INVESTMENTS IN ORIGINAL ISSUE DISCOUNT (OID) AND MARKET DISCOUNT (MD) BONDS. The
fund's investments in zero coupon bonds, bonds issued or acquired at a discount,
delayed interest bonds, or bonds that provide for payment of interest-in-kind
(PIK) may cause the fund to recognize income and make distributions to you prior
to its receipt of cash payments. Zero coupon and delayed interest bonds are
normally issued at a discount and are therefore generally subject to tax
reporting as OID obligations. The fund is required to accrue as income a portion
of the discount at which these securities were issued, and to distribute such
income each year (as ordinary dividends) in order to maintain its qualification
as a regulated investment company and to avoid income reporting and excise taxes
at the fund level. PIK bonds are subject to similar tax rules concerning the
amount, character and timing of income required to be accrued by the fund. Bonds
acquired in the secondary market for a price less than their stated redemption
price, or revised issue price in the case of a bond having OID, are said to have
been acquired with market discount. For these bonds, the fund may elect to
accrue market discount on a current basis, in which case the fund will be
required to distribute any such accrued discount. If the fund does not elect to
accrue market discount into income currently, gain recognized on sale will be
recharacterized as ordinary income instead of capital gain to the extent of any
accumulated market discount on the obligation.

DEFAULTED OBLIGATIONS. The fund may be required to accrue income on defaulted
obligations and to distribute such income to you even though it is not currently
receiving interest or principal payments on such obligations. In order to
generate cash to satisfy these distribution requirements, the fund may be
required to dispose of portfolio securities that it otherwise would have
continued to hold or to use cash flows from other sources such as the sale of
fund shares.

THE FUND'S UNDERWRITER

Pursuant to an underwriting agreement, Distributors acts as principal
underwriter in a continuous public offering of the fund's shares.
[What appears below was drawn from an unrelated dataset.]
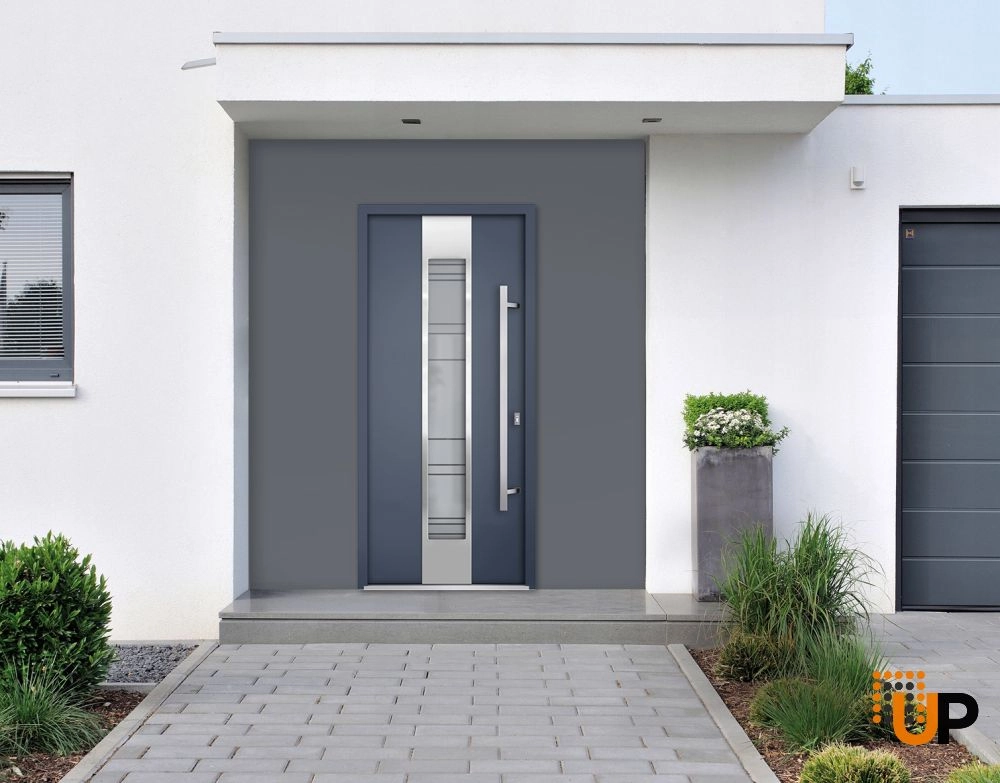 Single swing metal-aluminum modern exterior door with triplex | Deux 0757 Gray Graphite | 36 x 80 photo#2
The
underwriting agreement will continue in effect for successive annual periods if
its continuance is specifically approved at least annually by a vote of the
Board or by a vote of the holders of a majority of the fund's outstanding voting
securities, and in either event by a majority vote of the Board members who are
not parties to the underwriting agreement or interested persons of any such
party (other than as members of the Board), cast in person at a meeting called
for that purpose. The underwriting agreement terminates automatically in the
event of its assignment and may be terminated by either party on 60 days'
written notice.

Distributors pays the expenses of the distribution of fund shares, including
advertising expenses and the costs of printing sales material and prospectuses
used to offer shares to the public. The fund pays the expenses of preparing and
printing amendments to its registration statements and prospectuses (other than
those necessitated by the activities of Distributors) and of sending
prospectuses to existing shareholders.

In connection with the offering of the fund's shares, aggregate underwriting
commissions for the fiscal years ended December 31, 1997, 1996 and 1995, were
$94,155, $46,237, and $35,803, respectively. After allowances to dealers,
Distributors retained $8,432, $2,338 and $1,790 in net underwriting discounts
and commissions and received $2,996, $6,015 and $48,847 in connection with
redemptions or repurchases of shares for the respective years. Distributors may
be entitled to reimbursement under the Rule 12b-1 plan for each class, as
discussed below. Except as noted, Distributors received no other compensation
from the fund for acting as underwriter.

THE RULE 12B-1 PLANS

Class I and Class II have separate distribution plans or "Rule 12b-1 plans" that
were adopted pursuant to Rule 12b-1 of the 1940 Act.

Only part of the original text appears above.